Aranyaprathet (, ) is a district (amphoe) in Sa Kaeo province in Thailand. It borders Cambodia to the east.

History
Aranyaprathet was originally a district in the Kabin Buri Province. On 1 April 1926 the province was abolished and the two districts Mueang Kabin Buri and Aranyapathet became districts of Prachinburi province. In 1993 it was one of the districts that formed the new Sa Kaeo province.

Economy
Until the Khmer Rouge disrupted neighbouring Cambodia in 1975, Aranyaprathet was a stop on the railroad connecting Bangkok with the Cambodian capital Phnom Penh. Aranyaprathet maintains its rail link with Bangkok but Poipet, the neighbouring Cambodian town, has still yet to see any rail activity since the Khmer Rouge destroyed the track.

Southeast of central Aranyaprathet, six kilometres distant, is the busiest border crossing between Cambodia and Thailand. In addition to being on a major trade route, the border sees much tourist activity as it is on the road between Bangkok and Siem Reap, the town nearest Angkor Wat.

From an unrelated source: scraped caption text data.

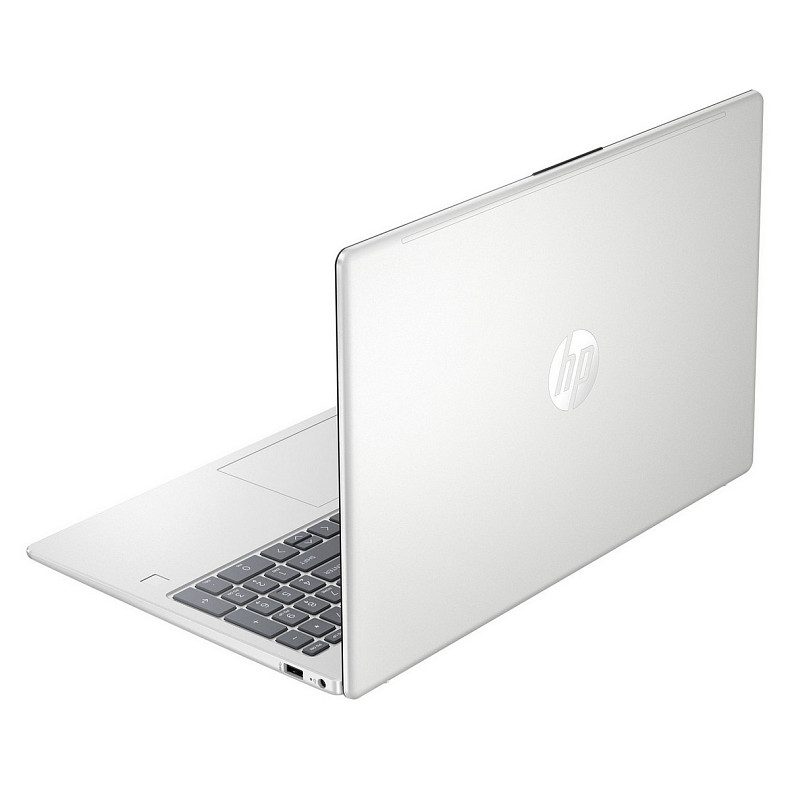 Ноутбук HP 15-fd2020ru 15.6" FHD IPS AG, Intel U7-255U, 16GB, F512GB, UMA, DOS, серебристый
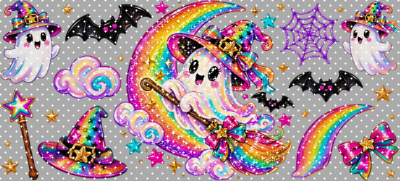 16oz Halloween-J  2833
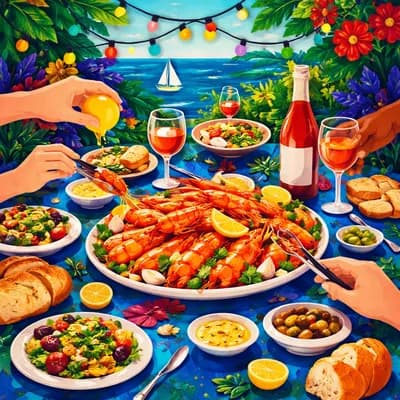 Langoustinade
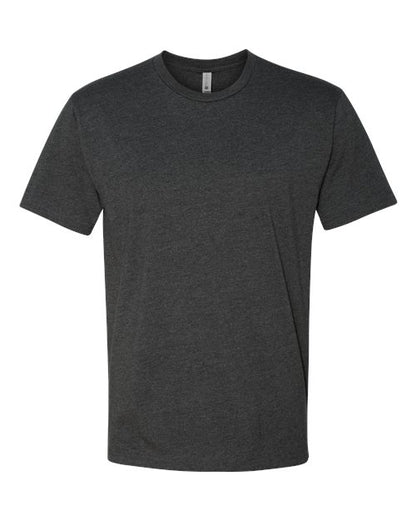 Next Level Unisex CVC Tee - Charcoal Front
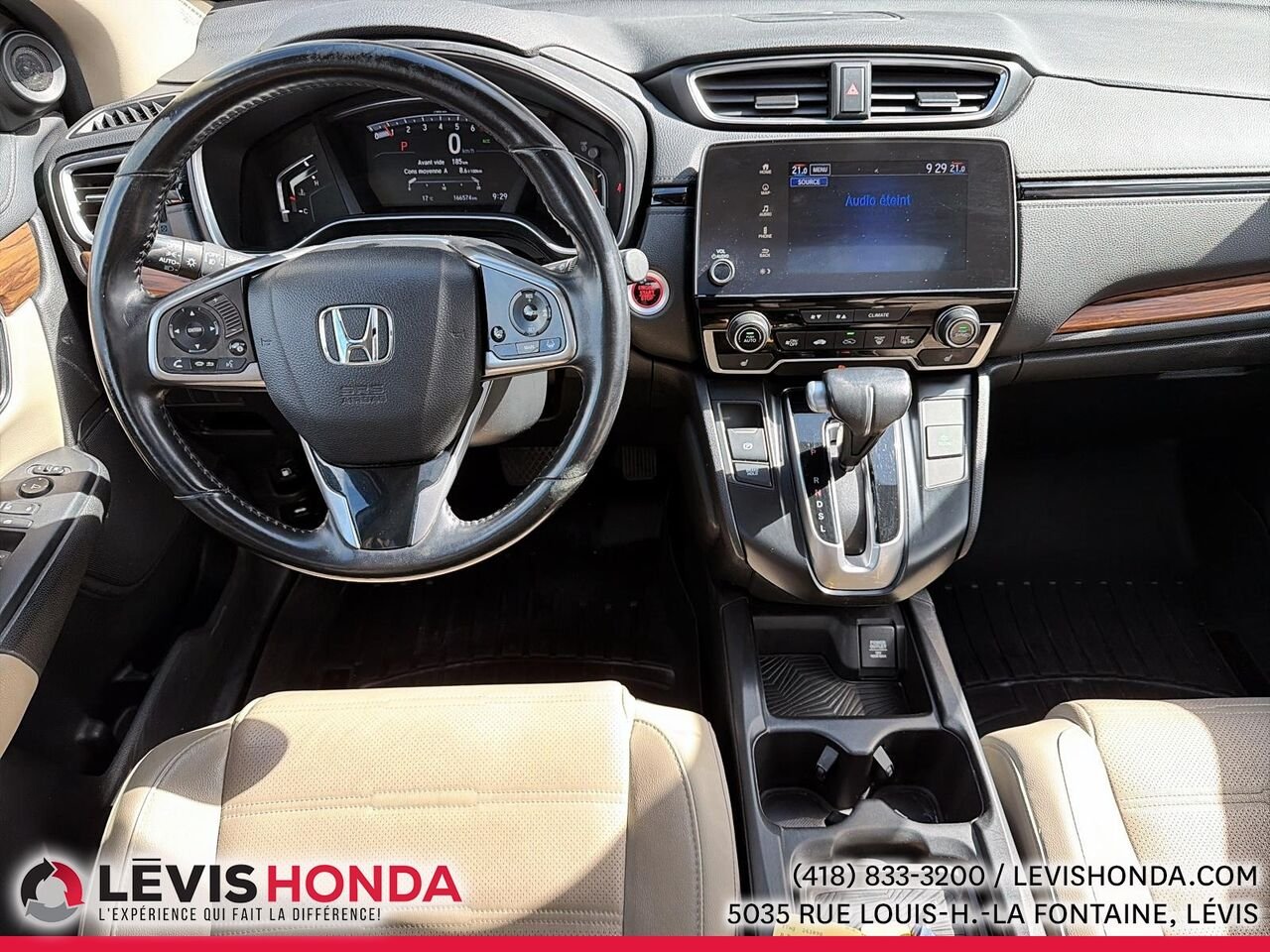 Honda CR-V Touring AWD Touring Traction Intégrale 2018 Blanc Lévis - photo #25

Aran, as the town is known in Thailand, has been affected by the growth of the gambling industry in Poipet. Despite gambling being illegal in both Thailand and Cambodia, the Cambodian government has granted concessions for casinos to be built at many of its land crossings. Cambodians are not permitted to gamble in the casinos. Poipet's proximity to Bangkok (3-5 hrs by road) has made it the most popular of these border casino areas. It now hosts seven casinos.

Administration 
Aranyaprathet is divided into 13 sub-districts (tambons), which are further subdivided into 114 administrative villages (mubans).

Stadium

Aranyaprathet District Stadium () is a multi-purpose stadium used mostly for football matches and was  the home stadium of Sa Kaeo F.C.